Producer and Consumer roles

To my mind there is a producer (the source in the observable) and a consumer (the entity that owns the subscription object). When it comes to terminal events for the observable, the producer has a need to notify of success or error, but nothing else. The consumer may just want to cancel/dispose and walk away, but has no business telling the producer that it's completed either successfully or unsuccessfully. So it seems like these behaviors are unidirectional. The consumer, after all, is the original creator of the observer and it's handlers, so why would it need to call something that automatically invokes those handlers in some way, when it could invoke them anytime it wants?

While it might be useful to enable the consumer to notify the producer that it would like the producer to complete successfully. I'm not sure in what cases that would be true. If this is really the case, why not add next on the subscriber and complete the transformation from subscriber to observer, which is something I queried @jhusain with last week.
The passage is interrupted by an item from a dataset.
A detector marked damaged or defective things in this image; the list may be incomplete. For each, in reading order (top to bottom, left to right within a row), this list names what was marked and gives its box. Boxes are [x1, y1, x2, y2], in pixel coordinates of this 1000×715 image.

It's close to removing the Subscription type altogether

The interesting thing from an implementor's perspective is if return, throw, cancel/dispose and next are on subscriber, it becomes the same as the "safe" Observer that is used internally to the library. The safe observer being a wrapped version of the observer that is passed to your subscribe or @@observer methods that makes some guarantees about things like not being able to next after completion, etc.

So... the implementation becomes easier, which I like... but that's not a good reason to go with this design.
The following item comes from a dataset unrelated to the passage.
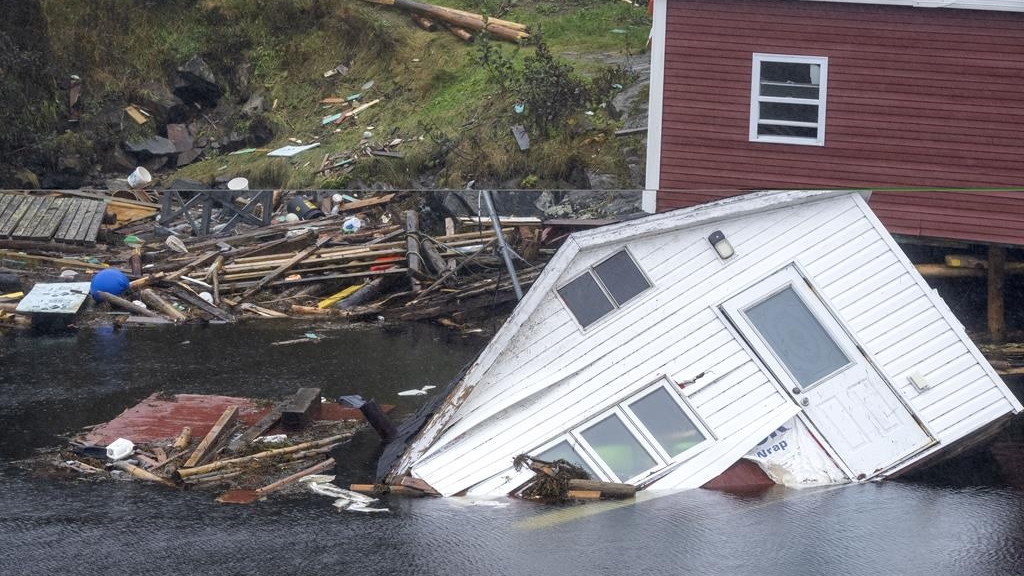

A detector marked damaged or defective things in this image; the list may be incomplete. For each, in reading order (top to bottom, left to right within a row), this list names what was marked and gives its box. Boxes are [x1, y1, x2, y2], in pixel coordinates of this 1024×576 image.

broken window [748, 53, 828, 146]
broken window [556, 249, 652, 328]
broken lumber [183, 404, 239, 468]
broken window [536, 380, 712, 484]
What about subscription composability?

One of the better things about a design with a simple Subscription object or function is it becomes easy to create compositional abstractions over that type. You can do things like create a "composite subscription" that has the same interface, but enables one to cancel multiple subscriptions simultaneously. Or more importantly for async, perhaps the serial subscription.
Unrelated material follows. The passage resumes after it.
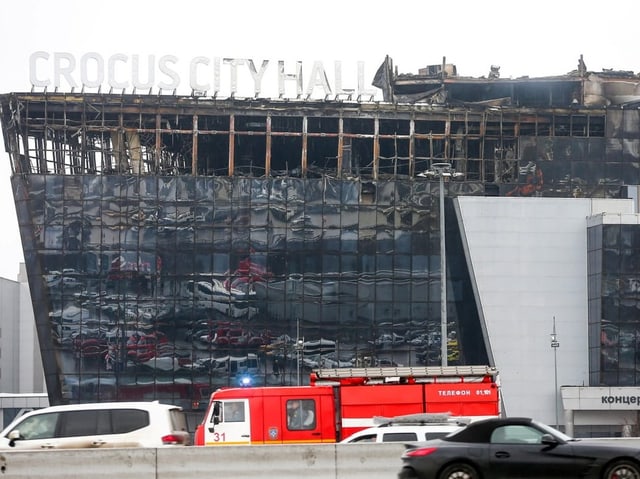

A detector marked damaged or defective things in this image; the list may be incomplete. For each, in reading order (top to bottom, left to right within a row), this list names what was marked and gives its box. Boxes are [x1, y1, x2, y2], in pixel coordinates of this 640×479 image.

charred structural frame [1, 57, 640, 408]
burned building facade [1, 57, 640, 412]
If the subscription suddenly had 3 methods, how would that compose in those scenarios? It might not be something to worry about in a native type, I suppose, but that doesn't mean it's not something to consider when the native type is something so extensible.

If it's a matter of duality...

It seems to me like current ES6 generators themselves aren't complete in the realm of completion/termination. If you have a generator that is using some scarce resource under the hood, there is no clean way (AFAIK) to simply finalize that generator and clean up the scarce resource without either calling return or throw on it's iterator. So the subscriber in that case is telling the generator it's "successful" or "in error", but only because it can't simply abort and clean up. It's a really weird thing. So you're forced to actually call either next, return or throw and analyze what was sent from the consumer and trigger clean up.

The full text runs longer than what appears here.